**Exercise objective**
Write every entry out again, unchanged.

Web page caption snippets
=== Section Start ===

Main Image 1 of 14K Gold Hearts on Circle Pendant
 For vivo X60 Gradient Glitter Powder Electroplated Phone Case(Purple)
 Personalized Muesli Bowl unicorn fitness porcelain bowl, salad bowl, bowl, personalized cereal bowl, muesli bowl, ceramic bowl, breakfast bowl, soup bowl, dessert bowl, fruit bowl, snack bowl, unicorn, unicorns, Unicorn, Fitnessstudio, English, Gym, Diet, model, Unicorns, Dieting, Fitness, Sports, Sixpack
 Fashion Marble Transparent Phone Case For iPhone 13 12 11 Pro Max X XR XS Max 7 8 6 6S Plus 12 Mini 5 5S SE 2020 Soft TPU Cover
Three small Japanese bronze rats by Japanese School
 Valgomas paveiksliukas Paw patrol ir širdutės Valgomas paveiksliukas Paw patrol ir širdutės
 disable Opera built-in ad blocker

=== Section End ===

**Solution to the problem**
Main Image 1 of 14K Gold Hearts on Circle Pendant
 For vivo X60 Gradient Glitter Powder Electroplated Phone Case(Purple)
 Personalized Muesli Bowl unicorn fitness porcelain bowl, salad bowl, bowl, personalized cereal bowl, muesli bowl, ceramic bowl, breakfast bowl, soup bowl, dessert bowl, fruit bowl, snack bowl, unicorn, unicorns, Unicorn, Fitnessstudio, English, Gym, Diet, model, Unicorns, Dieting, Fitness, Sports, Sixpack
 Fashion Marble Transparent Phone Case For iPhone 13 12 11 Pro Max X XR XS Max 7 8 6 6S Plus 12 Mini 5 5S SE 2020 Soft TPU Cover
Three small Japanese bronze rats by Japanese School
 Valgomas paveiksliukas Paw patrol ir širdutės Valgomas paveiksliukas Paw patrol ir širdutės
 disable Opera built-in ad blocker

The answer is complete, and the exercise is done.